Carleton County hamlet boasts its own 'magnetic hill'
Shepherd Hill may not be as popular as the Moncton tourist attraction, but it's still 'quite an illusion'
Put your car in neutral. Take your foot off the brake. Coast backwards, uphill.
That optical illusion became a ticket for tourism and Moncton's Magnetic Hill's claim to fame.
But there is a second Magnetic Hill. It's on Shepherd Hill, on the other side of the province in Johnville, about 37 kilometres north of Hartland.
Johnville native Marven McQuade said he'd heard the rumours over the years about Shepherd Hill in Carleton County, but he had never really checked it out.
He took us there, and in the beginning, no one was really impressed. It didn't really even look like a hill. It looked more like a flat piece of land.
It's quite an illusion!- Marven McQuade, Johnville resident
But as he put his truck into neutral, and took his foot off the brake, he began quickly rolling backwards.
Looking in his side mirror, he couldn't help but exclaim. "No foot on the gas. We're backing uphill!"
He is now a believer.
"It's quite an illusion!"
Moncton's Magnetic Hill became famous in 1933, after three Telegraph-Journal staffers wrote a story about it.
The story of a second magnetic hill came from an old newspaper article posted on the Hartland "Memories Page." The headline read, "Second Magnetic Hill Reported Back of Bath."
It told the story of a Joe Martin of Hartland, who had been on the road to change a flat tire.
"He couldn't believe his eyes as his car rolled off the jack and began to roll back up what certainly seemed to be a 40-degree grade."

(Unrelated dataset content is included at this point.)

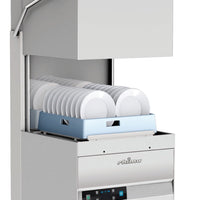 Rhima RH-60HR - Pass Through Dishwasher with Heat Recovery Unit
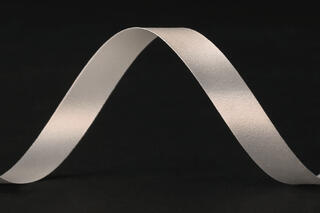 Bånd poly, Light Gray 10 mm x 250 m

One reported north of Plaster Rock in '50s
No one is certain of the date of the article — not even the Provincial Archives.
The archives manager of reference services, Heather Lyons, couldn't find it in their collection. Instead, she found other articles about other "magnetic" hills.
In 1948, another hill was discovered near the first. In 1949, Brownsville, Que., claimed it had one, and in 1953, someone claimed there was one north of Plaster Rock.
"And there were many places who were either trying to prove they had a magnetic hill or that one was already in existence and they wanted to talk about that," said Lyons. "It ranged from Nova Scotia to Maine and all the way to Scotland. People were talking about this."
Back on Shepherd Hill, a truck approached us. It was two local people, Brian De Merchant and Kirk Sherwood. De Merchant said he had heard something about the road when he was kid.
They played along with us, put their truck in neutral, and released the brake. Both men broke into laughter as they began coasting backward, uphill.
McQuade watched them go. Then he said, "I suspect I'll be bringing a lot of people up here … you're going to put us on the map."